WHAT THIS TASK INVOLVES
Shown below are entries with pictures; the line with "Photo von einer" through the line with "Recorte de los excesos." is the span to retype exactly, and the pictures stay out.

LISTED RECORDS
= = = =
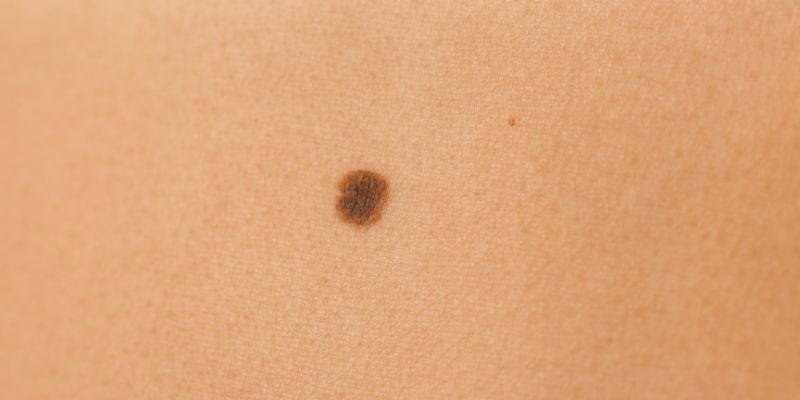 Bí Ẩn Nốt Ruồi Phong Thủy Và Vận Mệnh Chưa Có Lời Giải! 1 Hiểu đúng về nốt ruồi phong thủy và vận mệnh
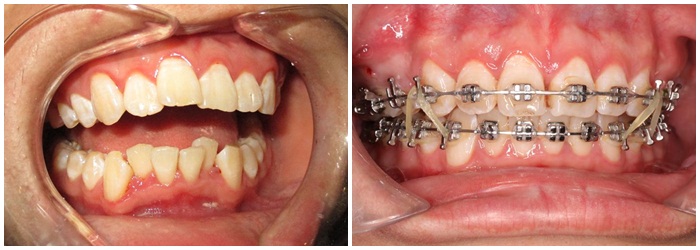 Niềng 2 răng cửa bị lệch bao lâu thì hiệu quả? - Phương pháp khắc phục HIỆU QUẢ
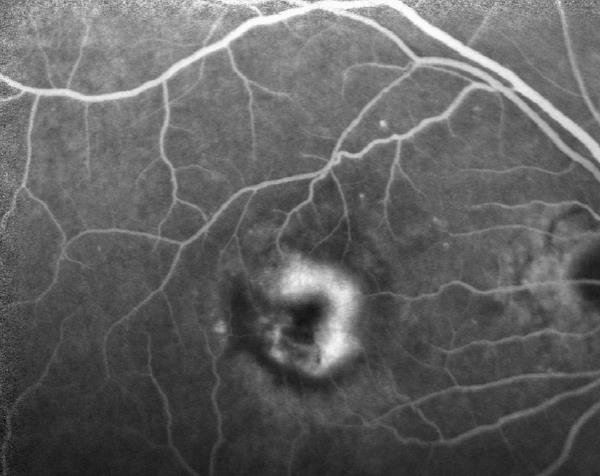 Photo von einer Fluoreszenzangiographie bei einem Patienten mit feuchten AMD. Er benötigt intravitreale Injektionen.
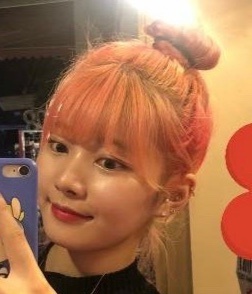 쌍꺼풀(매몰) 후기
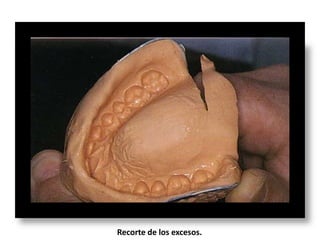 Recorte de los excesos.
= = = =
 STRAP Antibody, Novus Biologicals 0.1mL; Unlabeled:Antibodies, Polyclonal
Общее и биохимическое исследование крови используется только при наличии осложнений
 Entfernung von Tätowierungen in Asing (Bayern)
= = = =
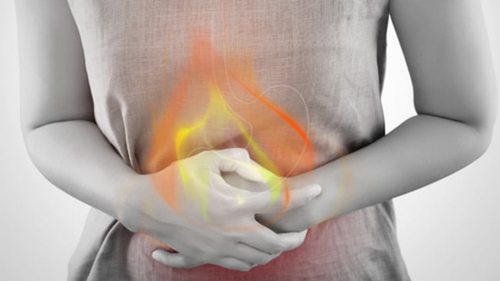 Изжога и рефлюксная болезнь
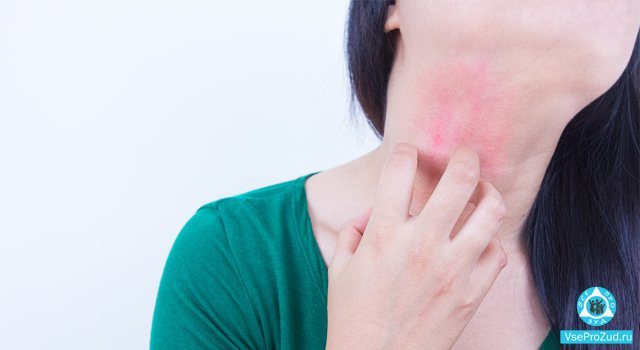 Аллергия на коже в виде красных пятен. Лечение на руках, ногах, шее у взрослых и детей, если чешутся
= = = =
EXERCISE SOLUTION
 Photo von einer Fluoreszenzangiographie bei einem Patienten mit feuchten AMD. Er benötigt intravitreale Injektionen.
 쌍꺼풀(매몰) 후기
 Recorte de los excesos.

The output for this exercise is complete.